What you have to do: Please, could you print all the lines below exactly, leaving out the pictures?

Recorded information:
^^^^^^^^

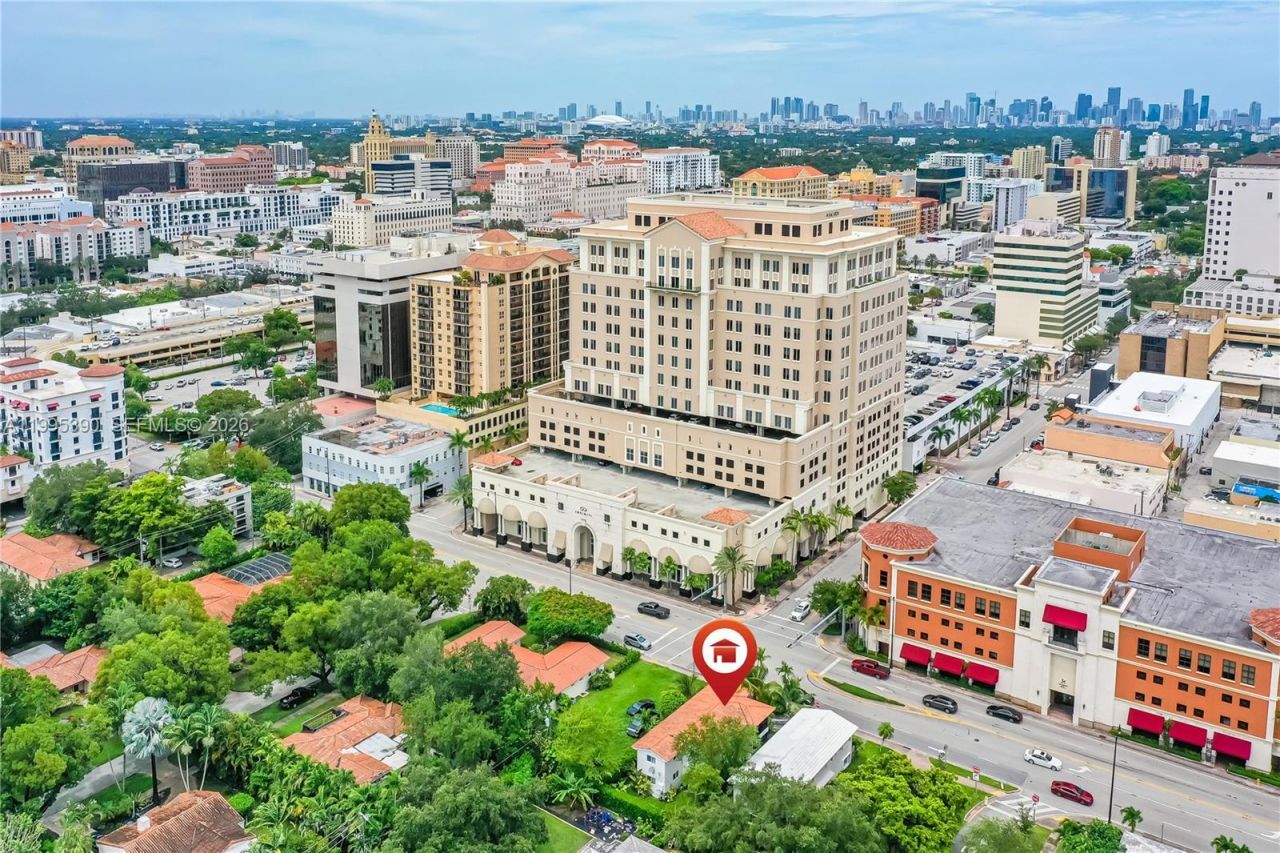 2720 S Le Jeune Rd, Unit 2720, Coral Gables, FL 33134 Photo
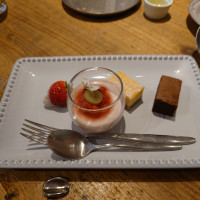 デザートビュッフェ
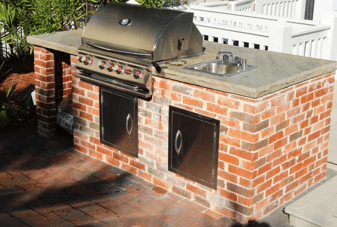 an outdoor kitchen can turn the pool area into true entertainment space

^^^^^^^^

Written response:
 2720 S Le Jeune Rd, Unit 2720, Coral Gables, FL 33134 Photo
 デザートビュッフェ
 an outdoor kitchen can turn the pool area into true entertainment space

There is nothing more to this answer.